I have come to understand that many executives and business people do NOT know how to recognize business information system project failure.  In fact, many people with partially failed solutions actually think they are successful!

In most areas that an organization operates high levels of reliability and in most cases high levels of functionality and aesthetics are the norm, think aircraft, motor cars, etc.  Accordingly this should be the criteria for rating the value and success of business information system projects.  Refer to the discussion “Attributes of a HIGH VALUE solution” for a discussion of what a system at the top right of the scale below comprises.  THIS is the benchmark for failure and, in terms of that benchmark the vast majority of business systems implementations (all the way down the curve to the bottome) are, at a significant level, failures.

This is over and above the extreme failures discussed in the Failure Catalogue.

So, HOW DO you recognize a failed business information system?


1.  Project aborted

The project was aborted before go-live.  Frequently because the project should NOT have been undertaken in the first place e.g. replace systems that do NOT need replacing.

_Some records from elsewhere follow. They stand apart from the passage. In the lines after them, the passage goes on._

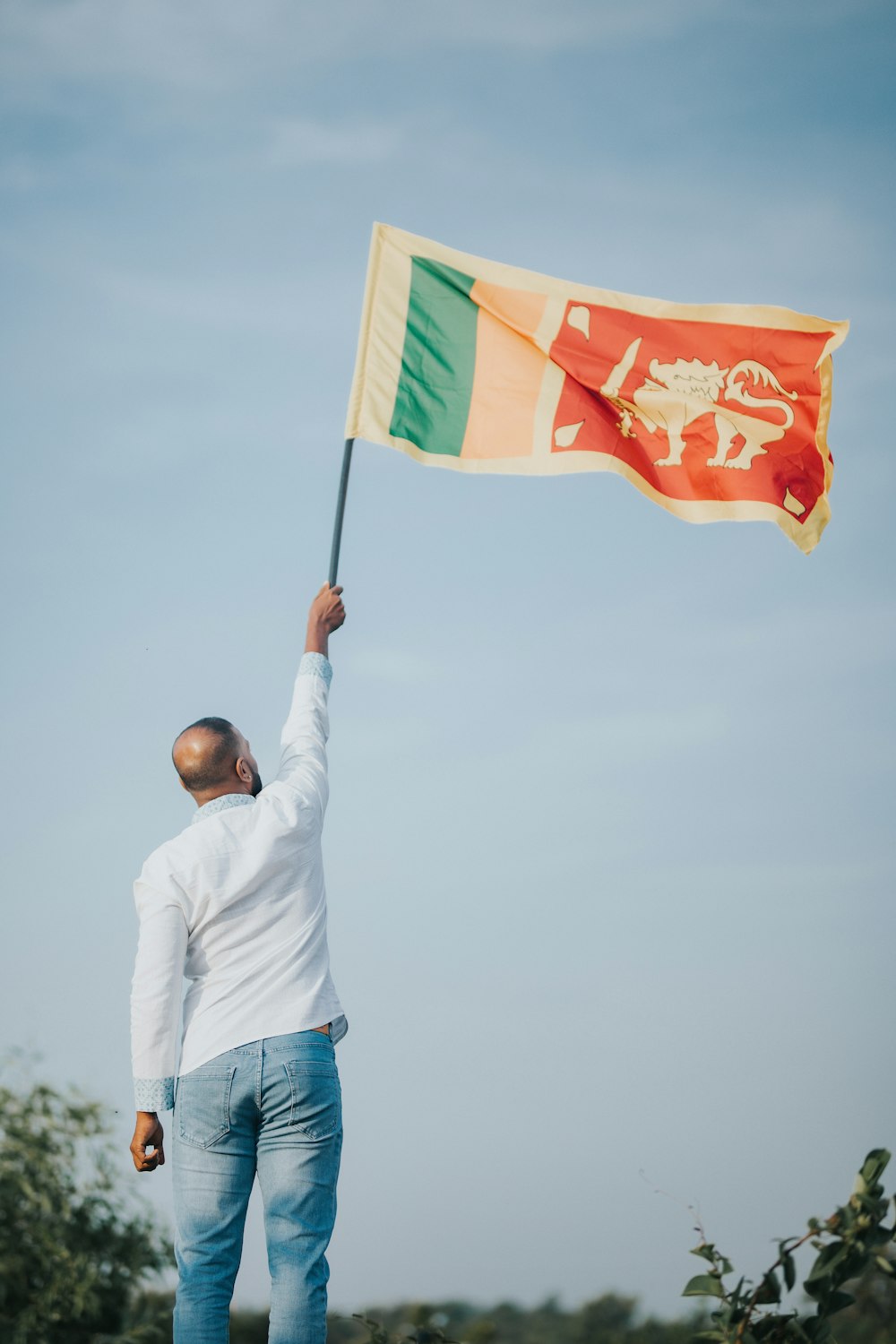 a man holding a flag in the air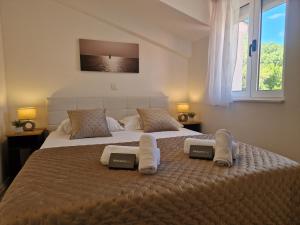 Postel nebo postele na pokoji v ubytování Apartments MB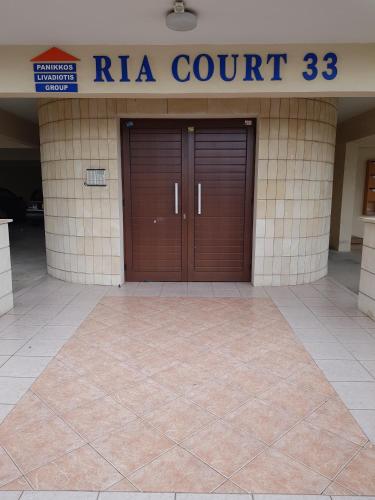a building with two brown doors and a ra court at Ria Court 33 in Larnaka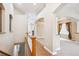 Bright entryway with hardwood floors, decorative arches, and views into other living spaces at 8225 W 67Th Pl, Arvada, CO 80004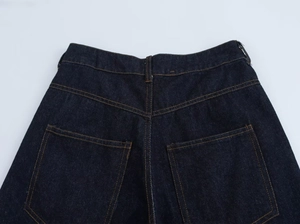 Detail view of deep blue denim pants with orange contrast stitching and rear pockets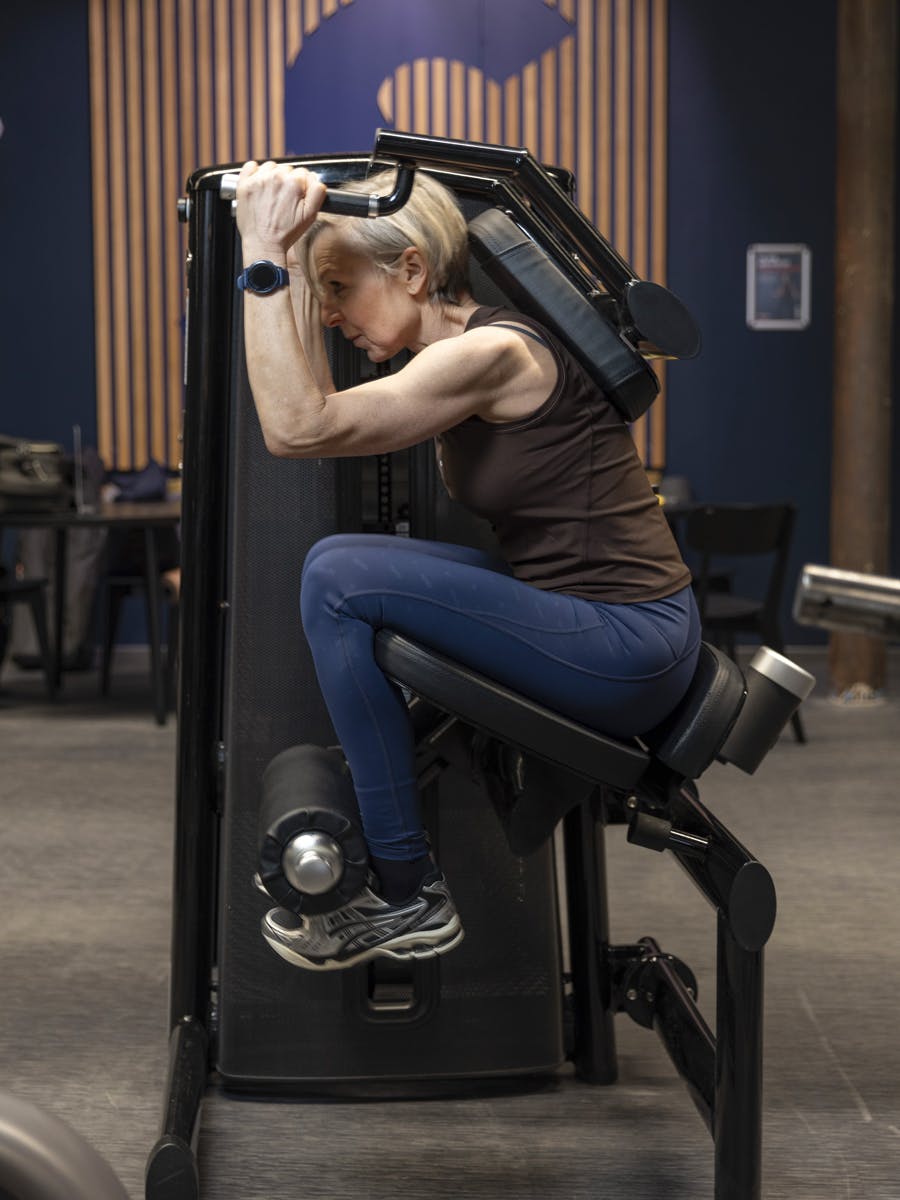 Kvinne gjør sit-ups i maskin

OR the project was so badly conceived and managed that it had to end, or there was a lack of executive involvement and the system is totally misaligned with the core objectives of the business.

You might even have had a good project that was aborted for the wrong reasons such as a new executive who could not be bothered to do the hard work to evaluate the truth about the project.

Clearly this IS failure.

Sometimes such projects can be recovered.


2.  Catastrophic business damage

Catastrophic business damage that causes massive disruption e.g. Bridgestone – Tires stacked in the car park, BMW months long wait for spare parts, etc.

OR in the extreme case put the organization out of business – see for example the FoxMeyer Drugs Bankruptcy.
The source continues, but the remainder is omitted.